Pretty much irrelevant since ITER and its costs are in no way a design paradigm for a commercial fusion reactor… even a tokamak 🙂
Tokamak-style power reactors such as ITER are problematic in and of themselves and may not turn out to be workable power sources but if ITER does work out then the researchers intend to continue with DEMO, a demonstration power plant with at least 4 times the power output at 1/4 the cost.
And then they’ll try to segue the DEMO facility into PROTO, a prototype power plant… if they can.
And of course there are several current non-ITER fusion projects that operate by different rules altogether. Focus Fusion, Tri-Alpha, Polywell, Helion, General Fusion and whatever it is that Lockheed Martin calls the project that the Skunk Works is working on to name some of them.
And all of these are different projects with different designs (assuming that the lockmart design isn’t a polywell variant) and they all involve relatively small (12 to 100 MW) and inexpensive reactors that can be used to add to a distributed power grid to provide as much power as needed where it is needed.
As for your ideas about fusion economics some background on your figures would help. First you speak of single reactors providing hundreds of gigawatts at a minimum to be “viable” and then you speak of one (1) reactor that would supply all the worlds power and half again that much… how many such 21 terawatt reactors were you envisioning to be built?
Maya wrote:
The pB11 reaction is aneutronic in nature and units built along the lines envisioned by Focus Fusion, Tri-Alpha and the Polywell concept would be in the scale of a few megawatts to a gigawatt or so and their neutron flux would be pretty damn small.

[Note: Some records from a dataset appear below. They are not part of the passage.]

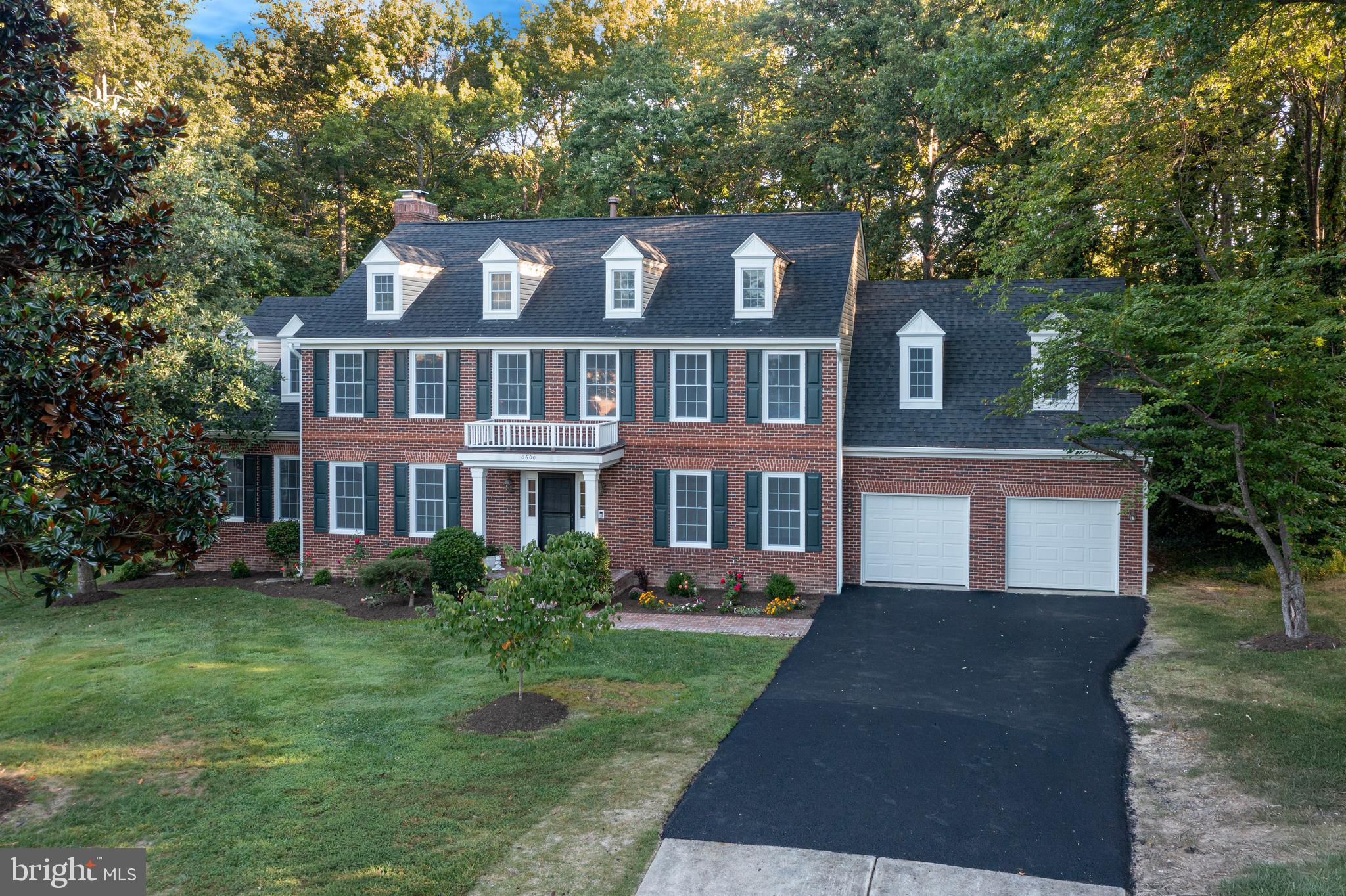 CROSSPOINTE - Residential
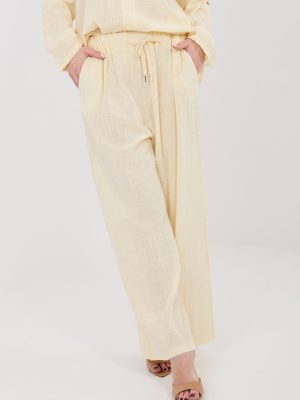 Παντελόνι σε Κίτρινο - Icona di stile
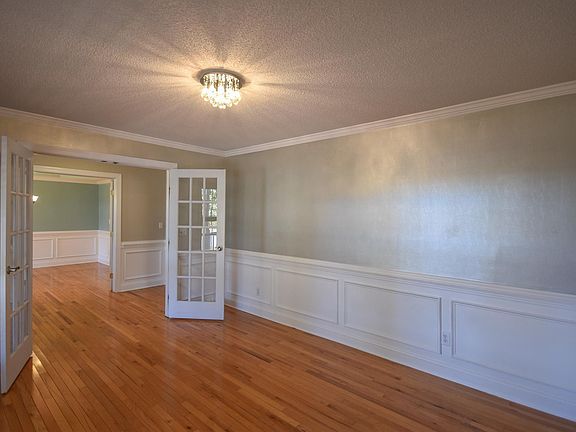 Flex/office/play room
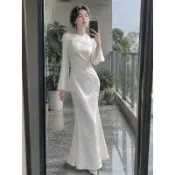【歐貝貝studio 】白色蕾絲魚尾連身裙 秋季長袖洋裝 輕熟風女裝 修身顯瘦 仙氣禮服裙 優雅氣質 宴會高級感女裝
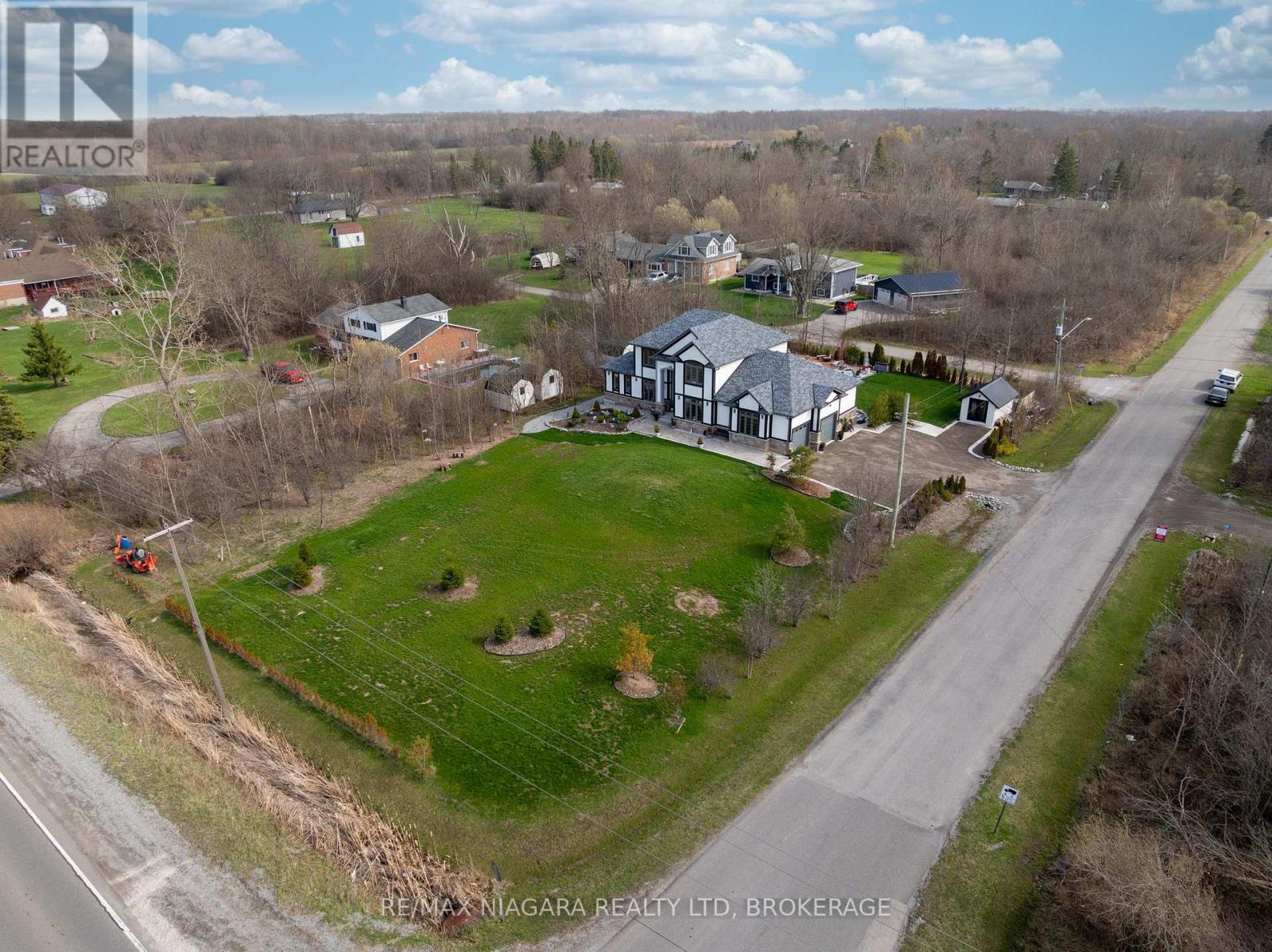 1040 Oakhill Boulevard, Fort Erie, Ontario  L2A 1N9 - Photo 46 - X13013658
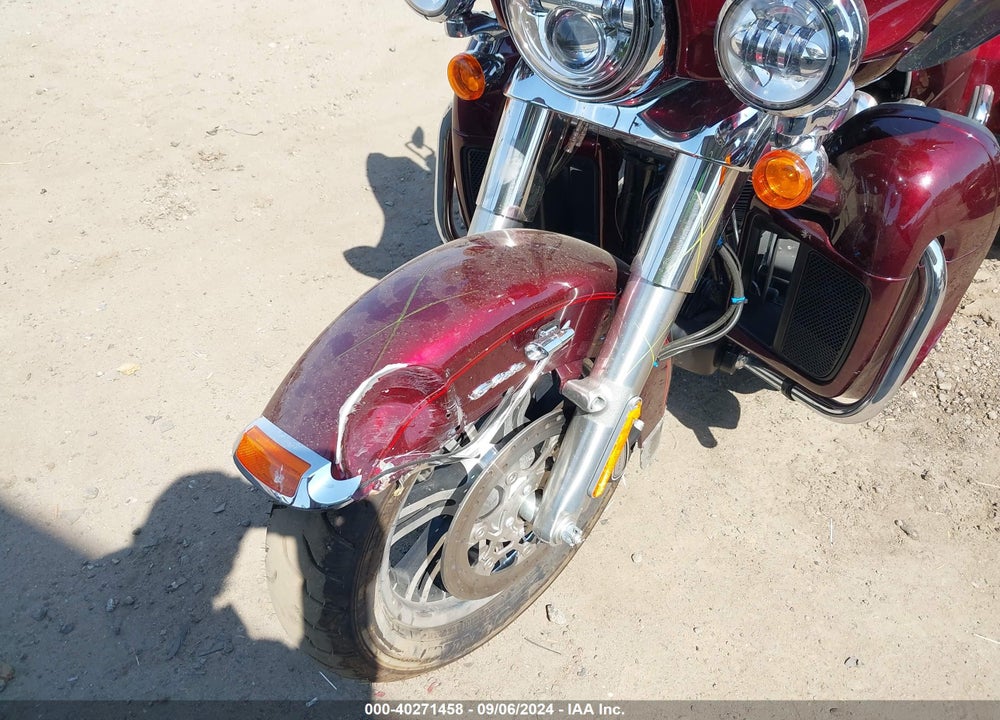 2015 HARLEY-DAVIDSON FLHTCUTG TRI GLIDE ULTRA VIN: 1HD1MAL16FB858149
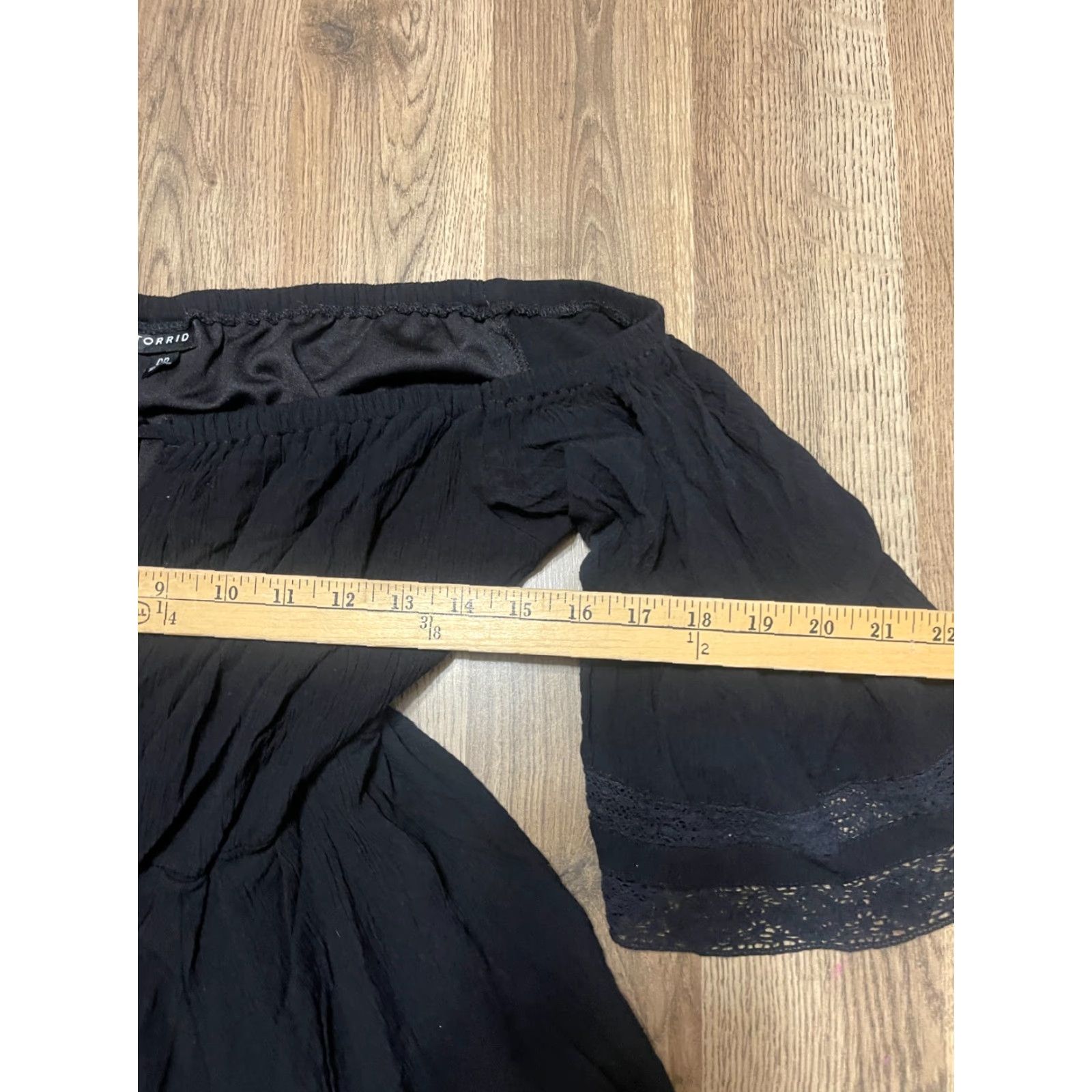 Torrid Torrid Dress Women’s 10 Black Off the Shoulder Flared Sleeve Knee Length Casual Modern Fit & Flare Size L / US 10 / IT 46 - 6 Thumbnail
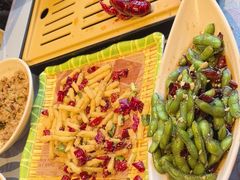 -肥肥虾庄·金牌油焖大虾(杨园滨江时代walk店)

It seems that you’ve set impossible-to-meet criteria and I look forward to learning what you envision as the solution to them 🙂
I don’t think so. I think the criteria are grounded in hard reality. I don’t believe that megawatt class fusion reactors will ever be economical in any foreseeable future. On this particular point the issue isn’t technical. It’s economic. Why would anyone build a megawatt class reactor that would be such a colossal construction for a single one-off?
… again, you seem to have confused ITER with actual commercial fusion power proposals.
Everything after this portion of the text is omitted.